Overall in the U.S. footwear industry there are approximately 100 manufacturers, 1,500 wholesalers, and 30,000 retail outlets. Retailers include independent (non-chain) shoe stores, department store shoe departments, mass-market merchants such as Target and Wal-Mart, and national chain shoe stores such as Payless. The largest fifty shoe store chains control approximately 80 percent of the market. The market is extremely competitive at all levels.

An evolving distribution channel in the middle of the first decade of the twenty-first century was the direct, online sales channel. In 2006 online shoe sales accounted for close to ten percent of overall shoe retail sales in the United States, and industry analysts expect that figure to rise to closer to 20 percent by the end of the decade. Major online retailers are Zappos,, and These organization's sites specialize in footwear. Other e-commerce businesses that sell a variety of goods, such as e-Bay and, are also emerging as an important outlet for shoe sales.

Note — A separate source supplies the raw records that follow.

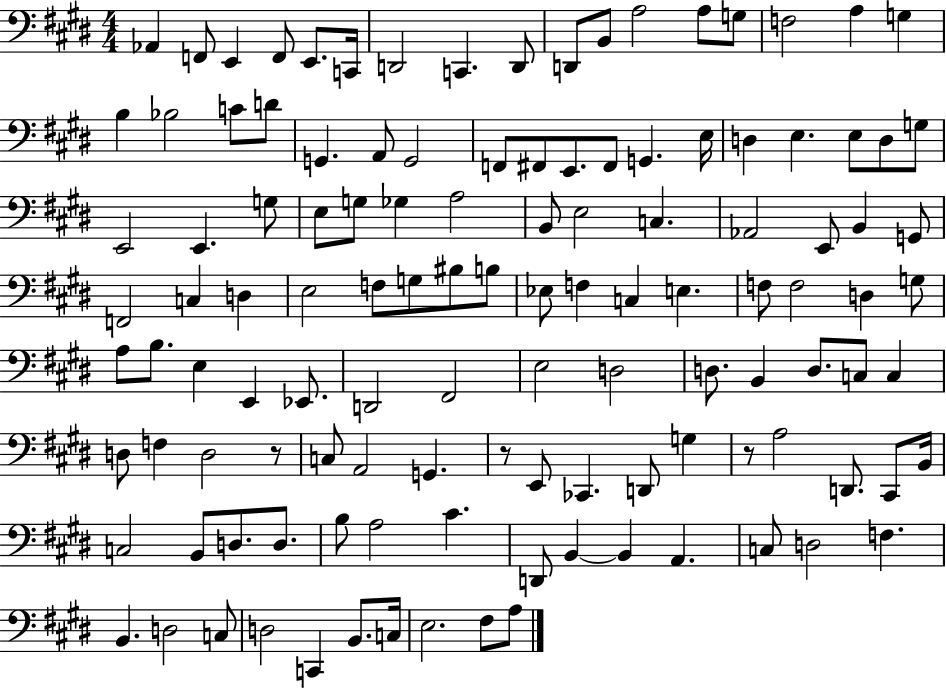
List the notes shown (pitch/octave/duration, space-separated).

Ab2/q F2/e E2/q F2/e E2/e. C2/s D2/h C2/q. D2/e D2/e B2/e A3/h A3/e G3/e F3/h A3/q G3/q B3/q Bb3/h C4/e D4/e G2/q. A2/e G2/h F2/e F#2/e E2/e. F#2/e G2/q. E3/s D3/q E3/q. E3/e D3/e G3/e E2/h E2/q. G3/e E3/e G3/e Gb3/q A3/h B2/e E3/h C3/q. Ab2/h E2/e B2/q G2/e F2/h C3/q D3/q E3/h F3/e G3/e BIS3/e B3/e Eb3/e F3/q C3/q E3/q. F3/e F3/h D3/q G3/e A3/e B3/e. E3/q E2/q Eb2/e. D2/h F#2/h E3/h D3/h D3/e. B2/q D3/e. C3/e C3/q D3/e F3/q D3/h R/e C3/e A2/h G2/q. R/e E2/e CES2/q. D2/e G3/q R/e A3/h D2/e. C#2/e B2/s C3/h B2/e D3/e. D3/e. B3/e A3/h C#4/q. D2/e B2/q B2/q A2/q. C3/e D3/h F3/q. B2/q. D3/h C3/e D3/h C2/q B2/e. C3/s E3/h. F#3/e A3/e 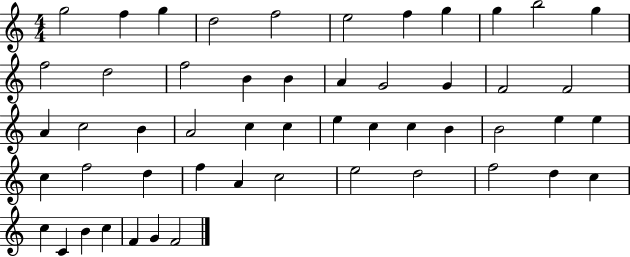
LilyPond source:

{
  \clef treble
  \numericTimeSignature
  \time 4/4
  \key c \major
  g''2 f''4 g''4 | d''2 f''2 | e''2 f''4 g''4 | g''4 b''2 g''4 | \break f''2 d''2 | f''2 b'4 b'4 | a'4 g'2 g'4 | f'2 f'2 | \break a'4 c''2 b'4 | a'2 c''4 c''4 | e''4 c''4 c''4 b'4 | b'2 e''4 e''4 | \break c''4 f''2 d''4 | f''4 a'4 c''2 | e''2 d''2 | f''2 d''4 c''4 | \break c''4 c'4 b'4 c''4 | f'4 g'4 f'2 | \bar "|."
} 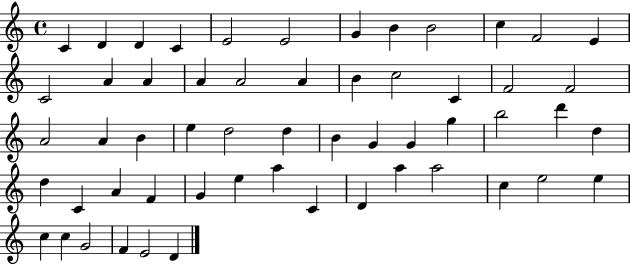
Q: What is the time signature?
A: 4/4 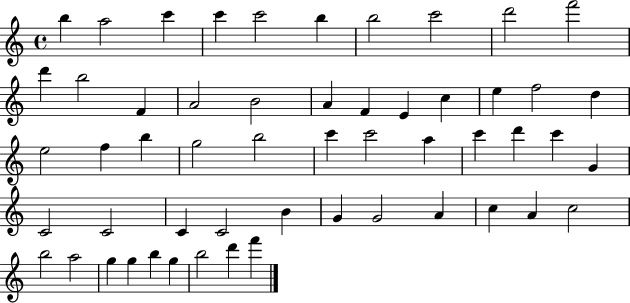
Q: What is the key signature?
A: C major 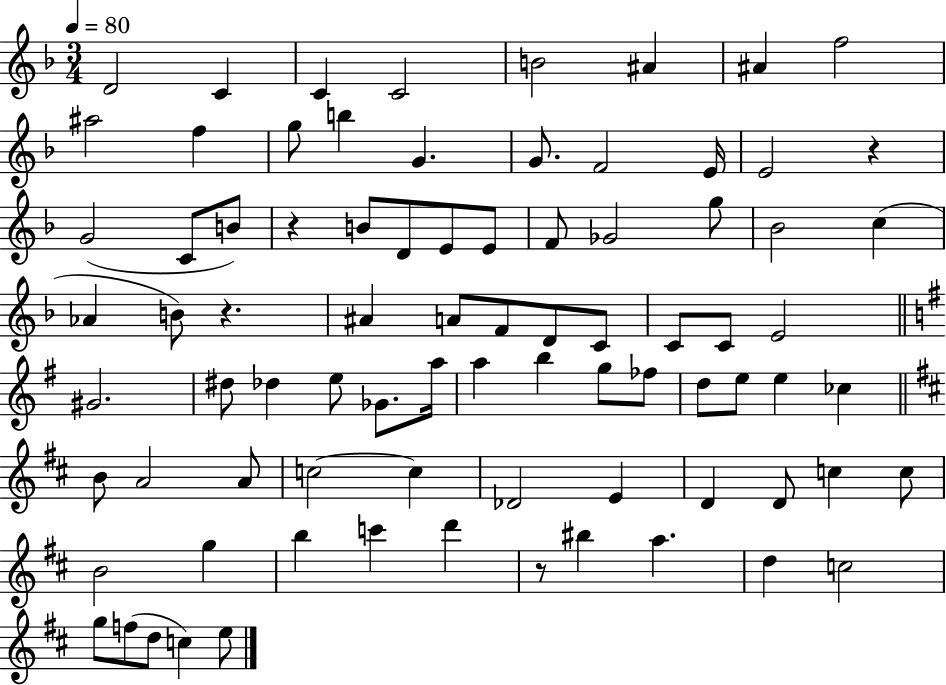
X:1
T:Untitled
M:3/4
L:1/4
K:F
D2 C C C2 B2 ^A ^A f2 ^a2 f g/2 b G G/2 F2 E/4 E2 z G2 C/2 B/2 z B/2 D/2 E/2 E/2 F/2 _G2 g/2 _B2 c _A B/2 z ^A A/2 F/2 D/2 C/2 C/2 C/2 E2 ^G2 ^d/2 _d e/2 _G/2 a/4 a b g/2 _f/2 d/2 e/2 e _c B/2 A2 A/2 c2 c _D2 E D D/2 c c/2 B2 g b c' d' z/2 ^b a d c2 g/2 f/2 d/2 c e/2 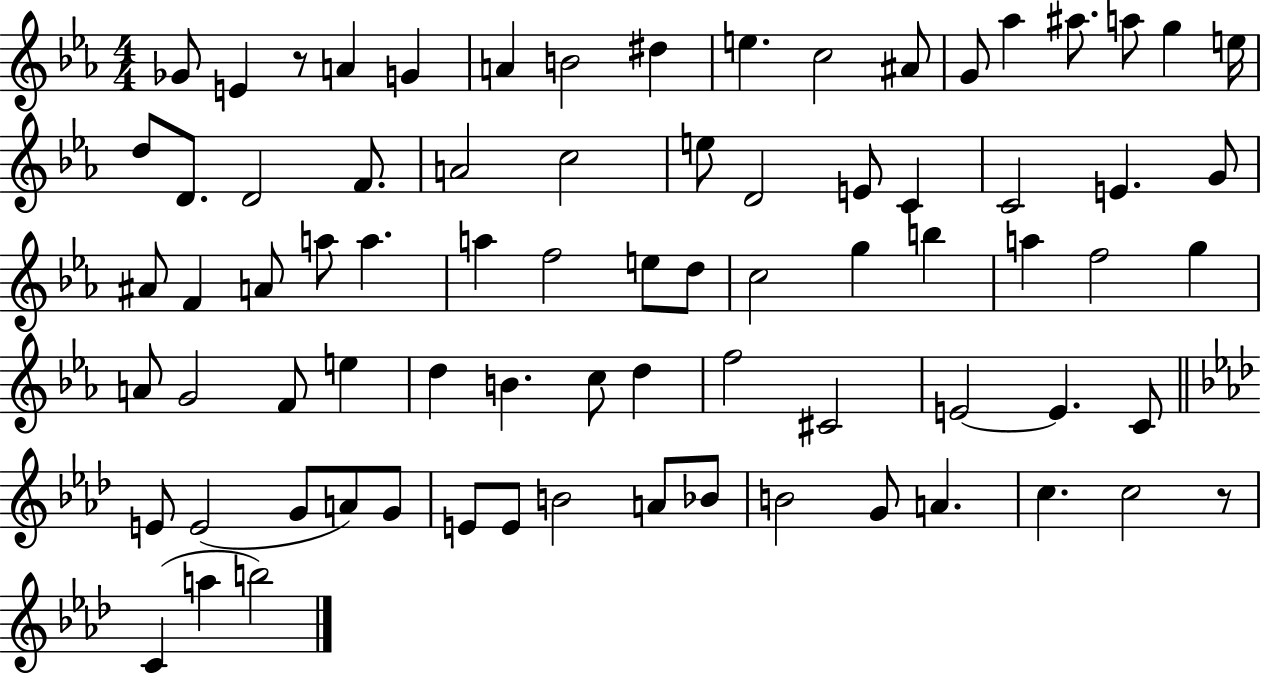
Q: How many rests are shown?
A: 2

Everybody needs shoes, although people who cannot afford shoes certainly do with fewer than the U.S. average of 7.71 pairs per year. In the United States, women buy more shoes than men, with women's total purchases at 8.84 million pairs and men's at 2.37 million pairs, according to figures compiled by the American Apparel and Footwear Association for 2005.

Shoe purchasing is tied to income and employment, and the leading shoe buying countries are areas with highly developed economies and high levels of non-manual employment for both men and women.


The primary adjacent market for footwear is apparel. The apparel market is driven by demands of fashion, and changes in apparel styles may influence shoe design and vice versa. Some shoe companies also have apparel lines, and apparel designers may also sell shoes, so there is quite a bit of fluidity between the two markets. Both apparel and shoe marketing depend heavily on brand recognition or brand loyalty, and when a brand is successful, it may spread across categories. Kenneth Cole, for example, a leading brand of men's shoes, also successfully launched a men's apparel line in 2004.

Leather handbags and accessories is another market considered adjacent to footwear. This market is also heavily influenced by fashion trends and by brand recognition. Footwear companies are large consumers of leather, and they have the ability to procure and design other leather products. Handbags and other leather accessories such as belts are also part of a total fashion picture that encompasses apparel and shoes. Sophisticated consumers want apparel, shoes, and accessories that coordinate, and designers have to be alert to trends in all three markets in order to successfully forecast demand.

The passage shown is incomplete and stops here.